Voyez-vous plus de dépression chez les femmes que chez les hommes ?

« La dépression est plus fréquente chez les femmes, oui. Mais on peut aussi penser : peut-être que les femmes se présentent différemment. Ils sont plus susceptibles de dire qu’ils se sentent tristes et pleurent davantage. Les hommes commencent à boire et le mettent de côté. À l’hôpital, la différence entre les femmes et les hommes se réduit.»

Et notamment dans le département cardiovasculaire ?

« Également en orthopédie, après une opération du genou ou de la hanche. Egalement en néphrologie, maladies rénales. Un très grand pourcentage de patients présentent des troubles psychologiques, voire des troubles psychiatriques. Je parlais récemment à un ophtalmologiste et je lui ai dit : peut-être pas pour vous ? Il a dit : tu devrais le savoir. Douleur dans les yeux, vision floue, vision de taches, ne rien voir. Une très grande partie, dit-il, je ne peux pas l’expliquer suffisamment.

Si tant de gens sont déprimés, est-ce encore un trouble ?
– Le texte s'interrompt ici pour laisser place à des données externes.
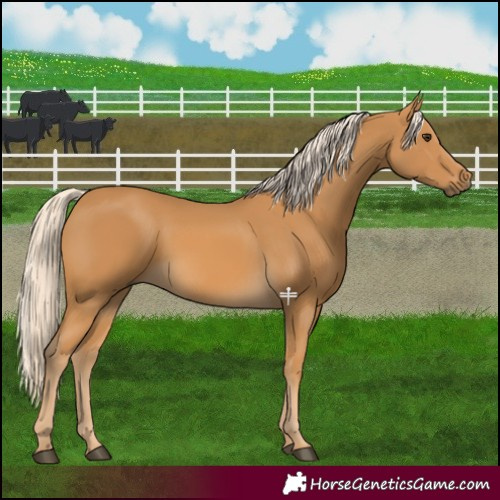 Horse Color:Palomino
« Les sentiments de dépression font absolument partie de la vie. Et vous pouvez facilement devenir déprimé à cause d’une maladie ou d’un traitement à l’hôpital. Mais les plaintes dépressives graves doivent être traitées, surtout si elles influencent le traitement. L’opération s’est bien déroulée, le patient ne se rétablit pas. Devez-vous opérer à nouveau ? Et respectez votre régime alimentaire si vous vous sentez paresseux et pensez que cela ne sert à rien. Je ne dis pas que tout le monde devrait consulter un psychiatre. Cependant, nous devons examiner de plus près les facteurs psychologiques graves qui ont un effet sur le processus pathologique et sur le rétablissement. »

À l’OLVG vous disposez également d’une clinique pour femmes enceintes atteintes de troubles psychiatriques.

« Dépression, anxiété, autisme, addictions. Une femme enceinte sur cinq a un diagnostic psychiatrique et parfois il existe également de l’obésité, du diabète ou de l’hypertension artérielle. Les psychiatres voient beaucoup de femmes en âge de procréer et, curieusement, ils leur parlent rarement de vouloir avoir des enfants et de tomber enceinte. Alors que c’est un sujet important pour de nombreuses femmes. Nous constatons que de nombreuses femmes sont prêtes à modifier leur comportement avant la grossesse. Arrêtez de fumer, arrêtez la drogue. Maintenant je vais le faire, maintenant j’ai enfin une raison. Les chances de succès sont bien plus élevées pour les femmes qui souhaitent tomber enceintes ou qui le sont déjà.

Et c’est ainsi que vous essayez d’éviter que des dommages soient causés aux enfants ?

« Même après la naissance. A l’OLVG, avec l’argent de la municipalité, nous avons fait appel à des prestataires de soins qui, s’ils le souhaitent, aident les mamans à avoir une bonne relation avec leur enfant. Que fais-tu quand il pleure ? Comment le réconforter ? Les premières années sont malheureusement très décisives pour le développement et le risque de troubles ultérieurs, mais vous pouvez faire quelque chose pour que le début se passe le mieux possible.